A few days later, after meeting with their recruiter and doing some research, Sarah told me that she was definitely going to Guam, and asked me if I wanted to come along too. Apparently, she had already talked to the recruiter about me, and if I agreed to it, everything was set for both of us to go. She even assured me that one of her ex-military friends/clients had checked the place out ahead of time and verified that it was legitimate. So, without much additional information (or any other appealing options), I said yes to her and packed my bags for a three-month trip to the other side of the world.

istock/PeopleImages

Looking back on this decision now, I realize just how crazy it was. I showed up at the airport that morning with twenty-two dollars in my pocket, and no actual idea of what I was getting myself into. I had just met this girl (whose real name I only later learned was Nicole), and I had absolutely no idea of where Guam even was. All I knew was that some Filipino woman named Josie was supposed to pick us up from the airport when we landed and that we would be dancing at a place called Club Cosmos.
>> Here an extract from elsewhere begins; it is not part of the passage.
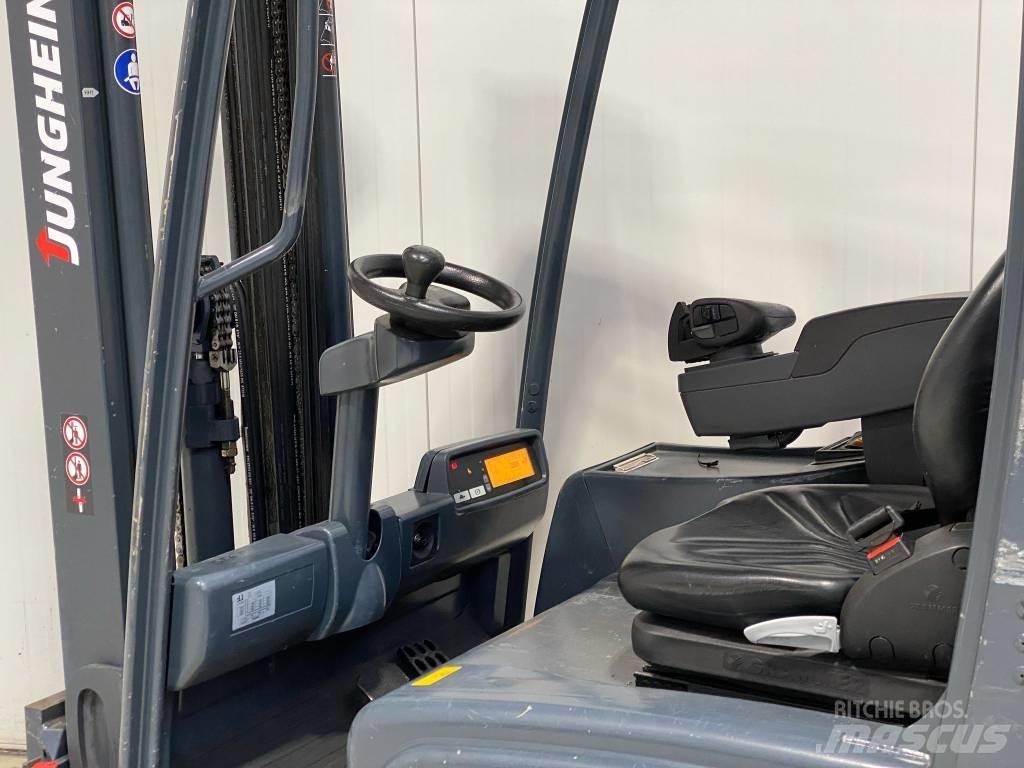 Jungheinrich EFG216k Electric Forklifts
In hindsight, this could have very easily been how I became a victim of human trafficking. According to a report put out by the anti-trafficking organization Polaris, there were over 8,700 cases of human trafficking reported through the National Human Trafficking Hotline and BeFree Textline in the United States during 2017. Of these cases, over seventy-five percent involved sex or sex and labor trafficking (as opposed to labor trafficking), and the overwhelming majority of those folks being trafficked were women (roughly eighty percent). Additionally, the average age of sex trafficking victims at the time their trafficking began was nineteen, which also happened to be the age I was when I first hopped on board that airplane headed to Guam.

Luckily for me, however, a Filipino woman named Josie really did come and pick us up from the airport. After giving us a brief tour of the island she drove us to what was known as "dancer housing", which for Club Cosmos girls was a clean and spacious two-bedroom apartment in Tamuning, with two twin beds in each room. Nicole and I were given the front bedroom, for which we were each charged $25 a week by the club, which covered not only our rental of the room but also the apartment's electricity, cable, and telephone. This small fee came directly out of our sizable weekly salary, which we received in cash at the end of our sixth shift each week on top of our nightly earnings from stage performances, private dances, and drink sales.
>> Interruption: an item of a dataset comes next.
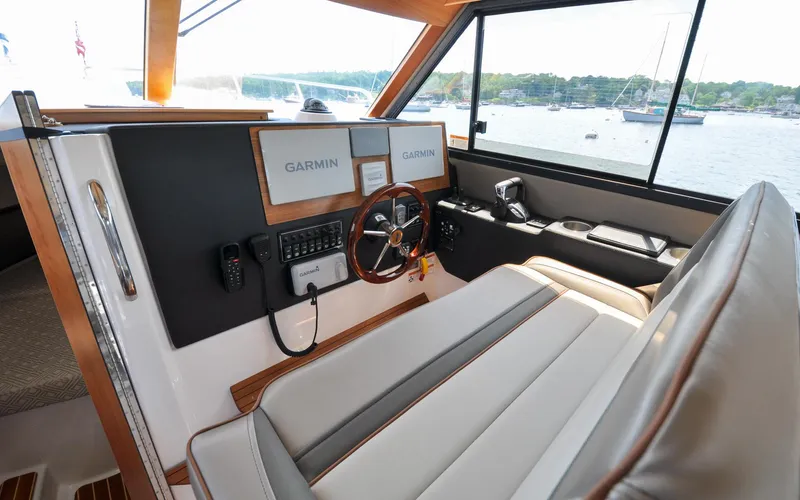 Frisky Yacht Photos Pics 2022 Cutwater C32 CB - Frisky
Over the next three months, I worked that pole at Club Cosmos six nights a week, making well over the amount promised in the advertisement that had originally sparked my journey there. I made fast friends with practically all of the girls working at the club, and was also popular with the clientele made up of locals, cute military men, and Japanese tourists. 

Pexels/Martin Lopez

The tourists, in particular, were a happy coincidence for me, as I spoke Japanese somewhat fluently at the time, and had also recently bleached my hair platinum blonde, which, as it turned out, was seen as a particularly attractive hair color in Japanese culture.

As a result of these trends, I managed to save up a nice little chunk of change during this three-month period, all while enjoying and learning about myself on this little tropical island paradise. In fact, I enjoyed my time there so much that two weeks after my contract expired with Club Cosmos, I was already back in Guam again, this time as a dancer at the most popular club on the island called Club G-Spot. 

There, I became one of the premier girls on the island, and for the next seven months had the time of my life, flirting with hot men and women, making stupid money, and building relationships with my first ever set of real girlfriends. It was also there that I finally began to feel free and whole for the first time in my life, and why I now often get nostalgic when I think or talk or write about it.

However, the fact that this story turned out to have a happy ending for me does not negate the reality that for many other women and girls it does not. A few weeks after my first article came out on Bi.org, my mother and I got into a conversation about my time as a stripper in Guam. She said that when she found out I had taken off to Guam with some random girl she (appropriately) freaked out and started calling around to various investigators and law enforcement folks.

Surprisingly, she had a very difficult time getting anyone she talked to, to care. Initially, she struggled to get ahold of anyone at all. Then, the first person she spoke with basically told her that I had probably already been sold into sexual slavery and that all she could do now was to wait until I got used up/worn out and was sent home. Ignoring the advice to give up, she finally got ahold of a retired police officer, who advised her to call the police in Guam and have them bring me in, which she did. In addition to seriously pissing me off (our relationship was not so great back then), she was told to do this so that if anyone at the club I was working at had been thinking of trafficking me, they would now suspect that I might be in contact with the police and leave me alone.

To be honest, I have no idea if this tactic worked, or if I was actually in any real danger in the first place. I do know that having two police officers show up at my door certainly did scare the crap out of me, and also that as a result of their visit I ended up doing a bachelor party for one of the officers a week or so later. When I tell the story of my time in Guam to friends this bit always gets a good laugh, and I myself often look back on this experience with the officers and chuckle. However, I also realize that my story could have very easily not ended up the way it did, and for many other, less fortunate women and girls, it doesn't.

So, the question remains: how should I present my experiences as a stripper and my journey to and from Guam? How do I maintain the notion that there is nothing inherently wrong with being a sex worker, without at the same time also ignoring the dangers that often are associated with it? How can I frame my time stripping as the positive and rewarding experience that it was while still acknowledging the fact that for many, sex work is not a choice?

The answer, I believe, is by once again choosing to settle in this middle space, where I can maintain a clear view of all sides. My job, as I see it, is to point out that one's story as a sex worker doesn't always have to be tragic, but that it sometimes also is. This, I believe, is the true power of the in-between, to always be able to not only recognize but also to understand the nuances and complexities of all sides, and to ultimately be okay with a reality that is not entirely black or white, but falls somewhere in the middle.